In Why Trust Is Hard we saw that digital trust breaks down into authentication, integrity, and confidentiality. In How Identity Works we tackled the identity question, passports to passkeys. Now we go deeper, into the mathematics that makes all of it possible. Encryption is the foundation of digital trust: without it, passwords are visible, messages are readable, and identity is unfalsifiable. Here’s how it works.
Hiding in plain sight
Encryption is the transformation of readable information (plaintext) into unreadable information (ciphertext) using a set of rules and a key, such that only someone with the right key can reverse the transformation. That’s the entire idea. Everything else is implementation.
The earliest known encryption is the Caesar cipher, used by Julius Caesar for military correspondence (described by Suetonius in The Twelve Caesars, c. 121 CE). The rule: shift every letter in the alphabet by a fixed number. With a shift of 3, A becomes D, B becomes E, ATTACK becomes DWWDFN. The key is the shift number. If you know the key, you shift back. If you don’t, you have a string of nonsense.
The Caesar cipher has a fatal weakness: there are only 25 possible keys (26 letters minus the identity shift). An attacker can try all of them in under a minute. This is brute force, trying every possible key until one produces readable plaintext. Any cipher whose key space is small enough to brute-force is useless.
The fix seems obvious: use a bigger key space. The substitution cipher replaces each letter with a different, arbitrary letter. A might become Q, B might become M, C might become Z. The key is the entire substitution table, 26 letters mapped to 26 letters. The number of possible keys is 26! (26 factorial), which is roughly 4 x 10^26. That’s 400 million billion billion possible keys. Brute force is hopeless.
And yet substitution ciphers were broken routinely by the 9th century. The Arab polymath Al-Kindi (Abu Yusuf Ya’qub ibn Ishaq al-Kindi, c. 801-873 CE) described the technique in his manuscript On Deciphering Cryptographic Messages, the oldest known work on cryptanalysis. His method: frequency analysis. In English, the letter E appears roughly 13% of the time. T appears about 9%. A about 8%. If you count the frequency of each letter in the ciphertext and match the distribution to the known distribution of the plaintext language, you can reconstruct the substitution table without ever knowing the key.
Frequency analysis is devastating because it exploits the structure of the plaintext.

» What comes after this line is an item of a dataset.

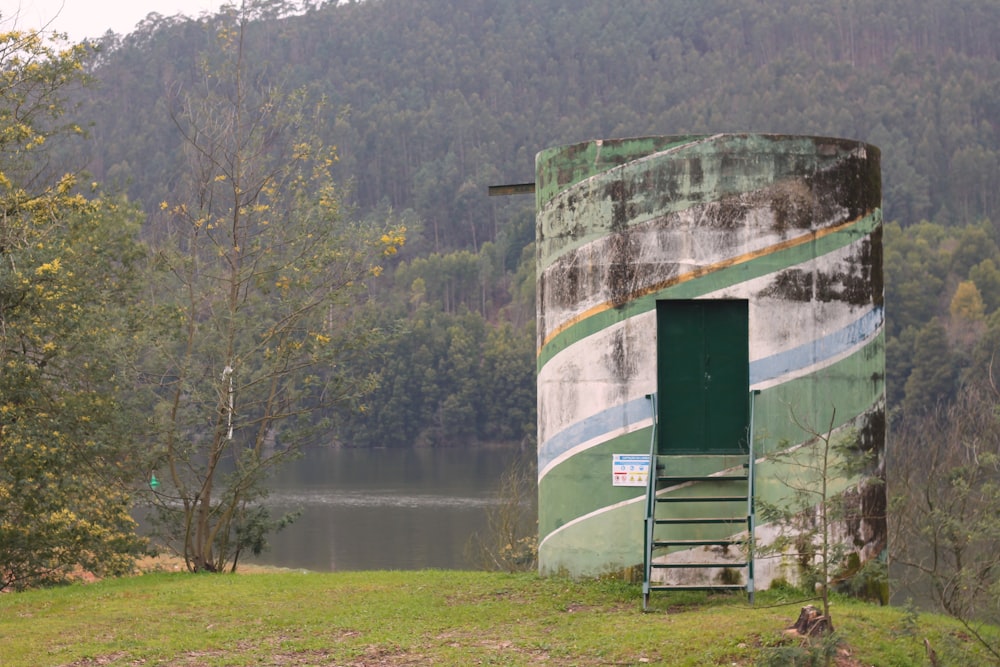 a green shed next to a lake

The cipher hides individual letters but preserves statistical patterns. Every substitution cipher in every language is vulnerable to it. Al-Kindi’s insight, that the weakness isn’t in the cipher mechanism but in the structure of the message, remains one of the deepest ideas in cryptanalysis.

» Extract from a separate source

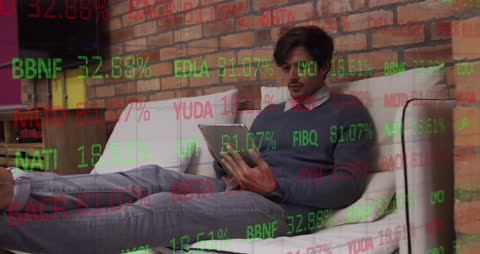 Man Analyzing Stock Market Data on Tablet in Comfortable Setting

Breaking out of substitution
The response to frequency analysis was the polyalphabetic cipher, which uses multiple substitution alphabets, switching between them according to a keyword. The most famous is the Vigenere cipher, described by Blaise de Vigenere in 1586 (though earlier versions were developed by Leon Battista Alberti around 1467 and Giovanni Battista Bellaso in 1553).

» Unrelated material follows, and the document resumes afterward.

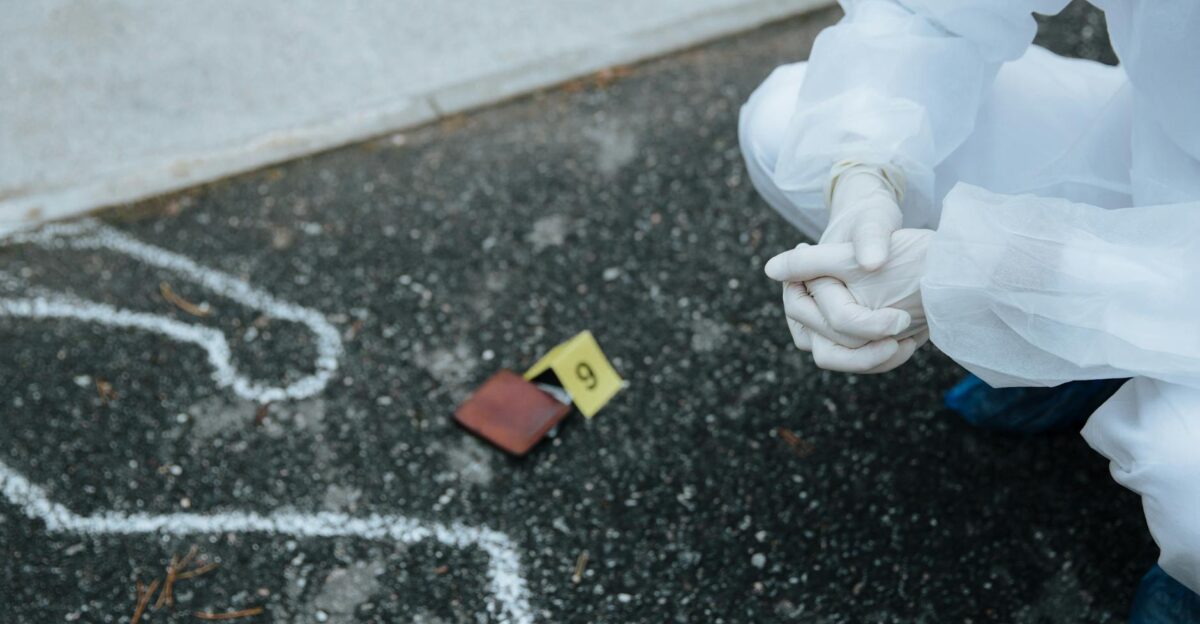 Forensic investigator examines crime scene outline on asphalt in protective suit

Here’s how it works. You choose a keyword, say, “LEMON”. You repeat it to match the length of your message:
Plaintext: A T T A C K A T D A W N
Keyword: L E M O N L E M O N L E
Each keyword letter specifies a shift: L shifts by 11, E by 4, M by 12, and so on. Each plaintext letter is shifted by a different amount depending on its position. The result: the same plaintext letter encrypts to different ciphertext letters depending on where it appears. Frequency analysis breaks because the frequencies are smeared across multiple alphabets.
The Vigenere cipher was considered unbreakable for nearly 300 years, it was called le chiffre indechiffrable. Then, in 1863, Friedrich Kasiski published a method for breaking it. If the keyword is shorter than the message (and it always is, in practice), the encryption pattern repeats. By finding repeated sequences in the ciphertext and measuring the distance between them, you can deduce the keyword length. Once you know the keyword length, you can split the ciphertext into groups (every 1st letter, every 2nd letter, etc.), and each group is a simple Caesar cipher, vulnerable to frequency analysis.
This arms race, between ciphers that try to hide structure and analysts who find it anyway, is the story of cryptography until the 20th century. The ciphers got more complex. The analysts got more clever. Neither side ever won permanently.
The machine age
World War II transformed cryptography from an art into an industrial process.
Enigma, the German cipher machine, was an electromechanical device that implemented a polyalphabetic cipher with a key space so large that brute force was impractical. It used three (later four) rotors, each wiring 26 input contacts to 26 output contacts in a scrambled pattern. The rotors stepped with each keypress, like an odometer, so the substitution alphabet changed with every letter. A plugboard at the front provided an additional layer of substitution. The total number of possible configurations was roughly 1.59 x 10^20, about 159 million trillion.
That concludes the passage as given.